# Krähen holen mir die Fische weg



## Uli (15. Apr. 2007)

hallo,
heute morgen als ich an den teich kam ist eine krähe mit einem ca.12 bis 15 zentimeter __ goldfisch abgehauen.gestern morgen habe ich auch eine krähe verscheucht und sie hat ihr opfer liegen lassen.mich wundert das die kraehen an so große fische dran gehen.wenn ich wie letztes jahr nochmal eine junge kraehe in die finger bekomme drehe ich ihr den hals um!und der __ reiher kreiste hier heute morgen auch schon wieder,es läuft gut im moment 
gruß uli


----------



## Heiko H. (15. Apr. 2007)

*AW: Krähen holen mir die Fische weg*

Hi Uli,

hast du nicht einen Reiherschutz um deinen Teich gespannt?
Also das mit den Krähen ist ja heftig man muss auf immer mehr Vögel acht geben!

Gruß Heiko


----------



## Thomas_H (15. Apr. 2007)

*AW: Krähen holen mir die Fische weg*

Salut,
gegen Reiher kannst du was machen- aber gegen Krähen?  
(Fällt mir nur ne illegale Methode ein)

Bei mir sind die auch schon Baden gegangen;
ebenso, wie 2 Elstern, die direkt auf einem Baum über dem Teich wohnen.
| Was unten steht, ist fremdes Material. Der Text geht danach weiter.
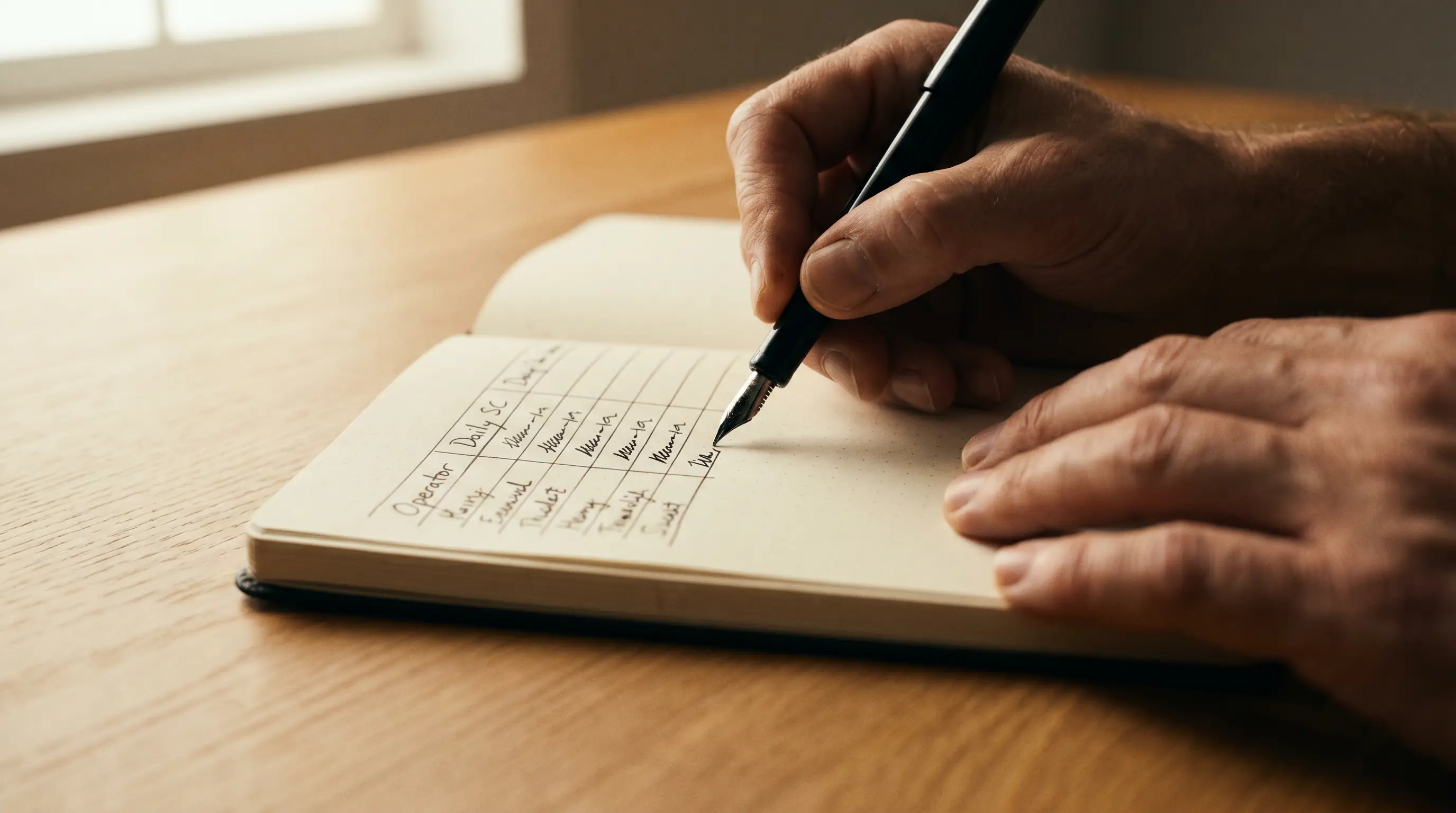 Person planning a multi-operator Sweeps Coins strategy on a notebook with AMOE and daily login columns side by side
Die stürzen sich förmlich ins Wasser


----------



## Uli (15. Apr. 2007)

*AW: Krähen holen mir die Fische weg*

hi,
ich glaube die krähen kriegen die goldfische im moment nur weil die bei ihren laichspielen sehr unvorsichtig sind.wenn die mir andere fische wegholen werde ich was unternehmen!
gruß uli


----------



## Annett (15. Apr. 2007)

*AW: Krähen holen mir die Fische weg*

Hi Uli,

"schöne Bescherung". 

Mich würde es auch nicht stören, wenn die Krähen bei mir die Goldfische klauen - tun sie aber nicht.
Aber sag mal, der __ Goldfisch auf dem ersten Bild.. is das normal, dass der so unförmig (vollschlank) aussieht? 
Meine sind eher schlank - allerdings gibts auch kein Futter von mir. 
Wer nix findet, hat Pech.. sonst hab ich bald tausend Fische im Teich....


----------



## Uli (15. Apr. 2007)

*AW: Krähen holen mir die Fische weg*

hallo annett,
ich habe den nicht so dick gefüttert!ich habe mal irgendwo gelesen das die dicken von der urzeit sind und die schlanken erst später gezüchtet wurden.
gruß uli
ps.da gibt es doch noch so eine rasse die immer erzählt,ich kann nichts dafuer es liegt an meinen drüsen und genen


----------